Thanks for the follow-up.
From what I read, that's not entirely the case. You can build full
Carbon .apps using automake/autoconf/etc, entirely from the command
line. In fact, XCode is just a front end to a host of command line
tools (like gcc), and you can have both build systems coexist at once
(for the convenience of using XTools). For some high-level (and not
terribly useful info) on this:
http://developer.apple.com/unix/crossplatform.html
> At the end of last year I was successful on compiling Hugin on my
> powerbook. It took a lot of patience from Ippei (to whom I am very
> grateful).
>
> The XCode version that I had in my laptop (I was traveling for several
> months with my laptop only) was different from Ippei's (I have the old
> 10.3 in my laptop, and the latest XCode will not install on it) and I
> had to recreate Hugin's XCode Project file from scratch. I find that
> the XCode project files are not portable, unless you have exactly the
> same directory structure in every machine. Hardly an optimal solution.
>
> I am back home and I have not tried (yet) to compile Hugin on my G5 (I
> just got an Intel Mini, but I haven't even unpacked it).
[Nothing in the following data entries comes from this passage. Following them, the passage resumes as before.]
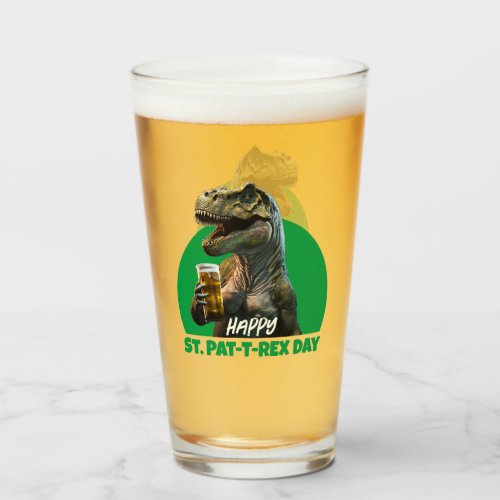 Funny St Pat_T_Rex Celebration Beer_Loving Dino Glass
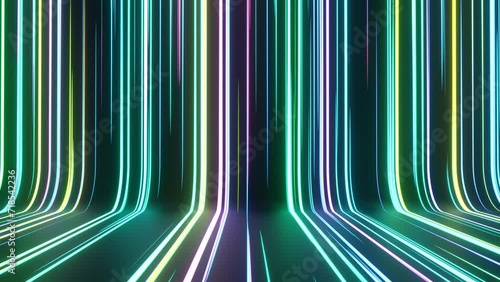 Moving neon lights in colorful lines glow in dark ways, bright and striped abstract patterns with green, purple and blue glow. Future technology background with scrolling at the speed of light. photo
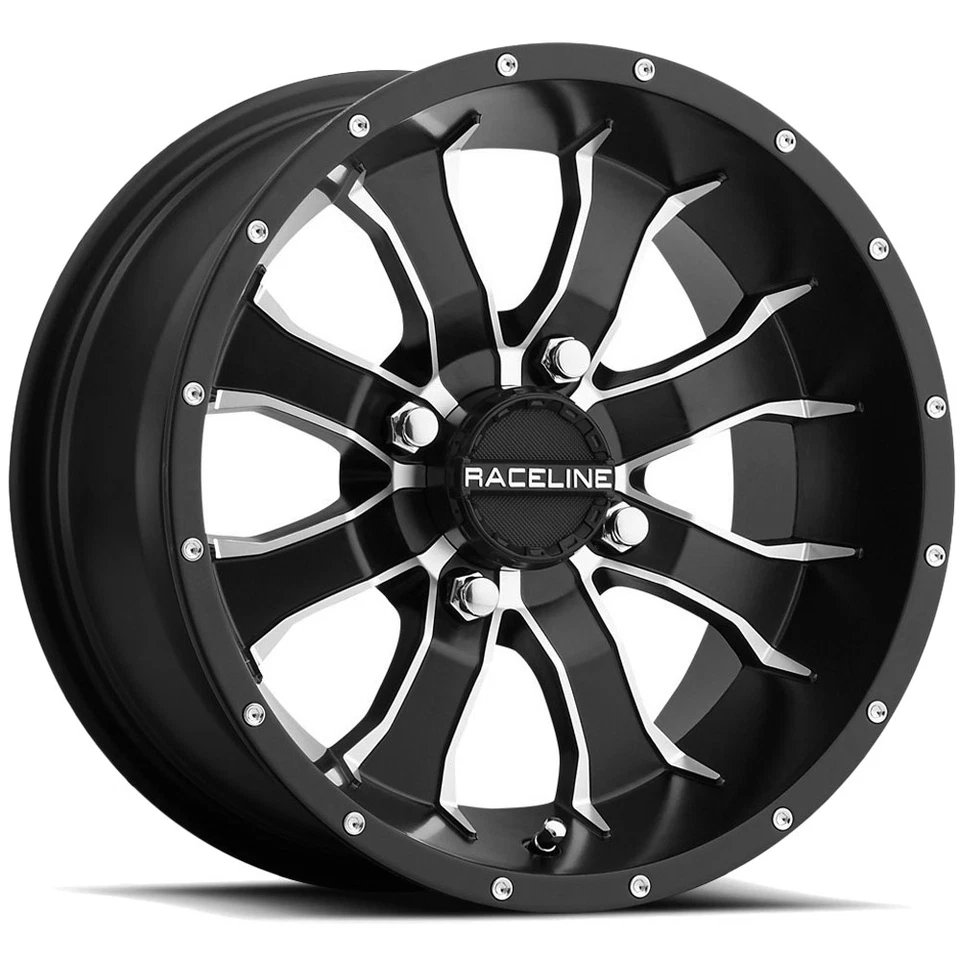 Raceline UTV A77 Mamba 9x8 4x110 +0mm Black/Machined Wheel Rim 9" Inch - Изображение 1 из 4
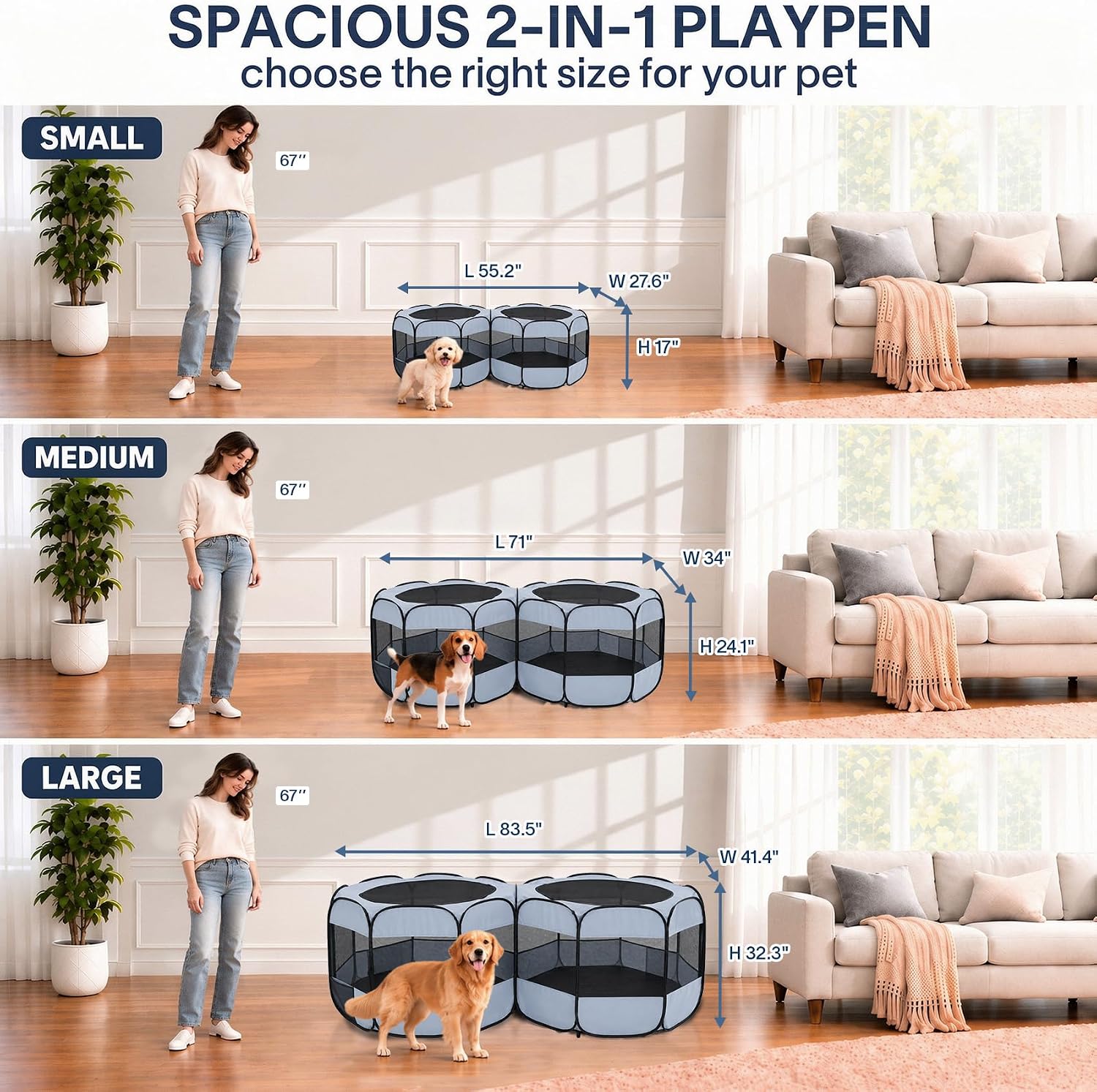 Detalle de EighteenTek 2-in-1 XLarge Pop-Up Pet Playpen, Two Rooms, Gray
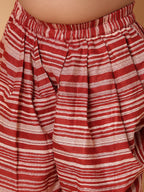 Red printed sleeveless kurti with Red dhoti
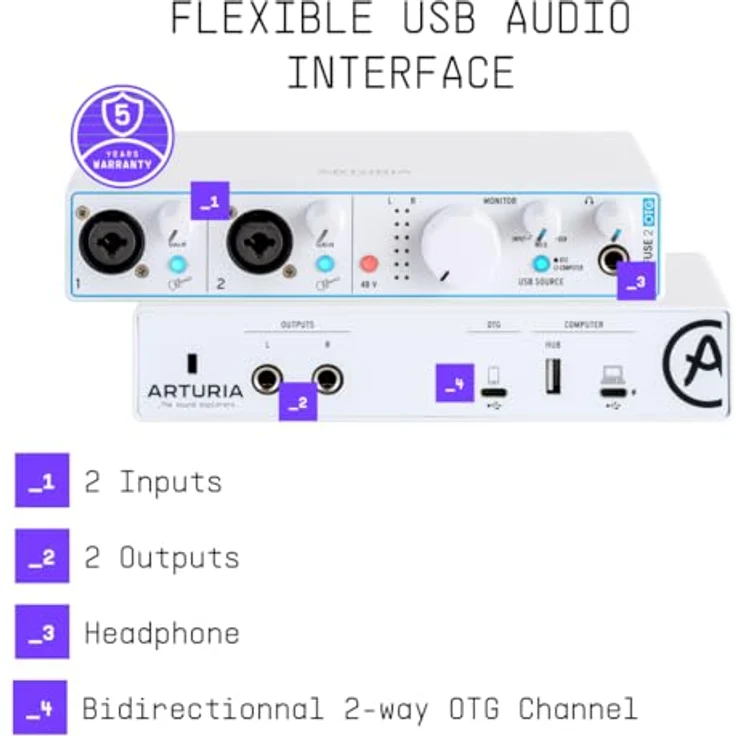 Arturia MiniFuse 2 OTG, USB Audio Interface mit hochwertiger Verarbeitung und Pro Audio Funktionen – Bild 4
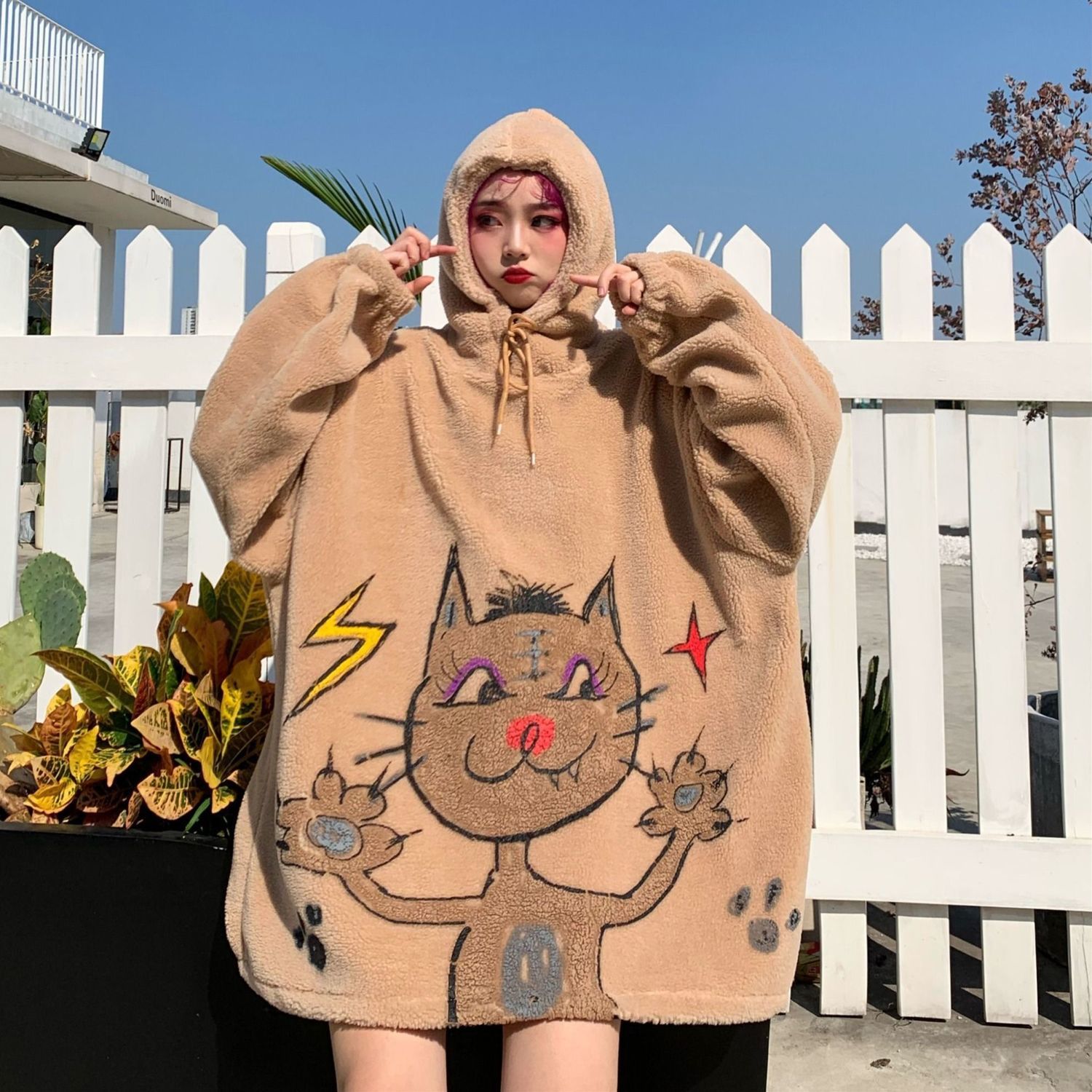 Áo Dạ Áo Hoodie Winter New Students' Cat Printed Oversized Korean Coat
I am one of
> those that would rather use the command line than the complex XCode
> user interface.
While I think it is great to include the XCode project, for the
convenience of Mac coders out there, I think adopting the native
Hugin (/panotools/vigra/boost/enblend/...) build system would go a
long way to bringing mac users "into the fold" and making it easier
to roll new releases, etc.
I know of at least one tool ("Platypus") that can run from the
command line to wrap all the stuff in a .app bundle around an
executable. I also know that it can be completely done from scratch,
since CVS builds of Emacs can create a Carbon Emacs.app, as simple as
this:
> * BUILDING EMACS ON MAC OS X
>
> You should be able to build Emacs on Mac OS X by typing the following
> commands at the top-level directory after the source distribution is
> un-tarred.
>
> ./configure --enable-carbon-app
> make
> make install
>
> The last step may fail if you do not have permissions to install. If
> you try to install into /usr (with ./configure --prefix=/usr), then
> you
> must install as root using the sudo command. However, it is not
> recommended; see the notes section below for more details.
>
> The --enable-carbon-app specifies that the carbon GUI application
> should be installed into /Application. If you want it to install in a
> different location, specify --enable-carbon-app=<mydir>
There's even a convenience script in the Emacs source to make an
entire ".dmg" installer package (called "make-package"). Obviously
Emacs has a very large and complex build system (since it targets
every architecture known to man), but it proves that in principle it
can be done. Unfortunately, I don't know enough to understand how
hard that would be to bring to hugin.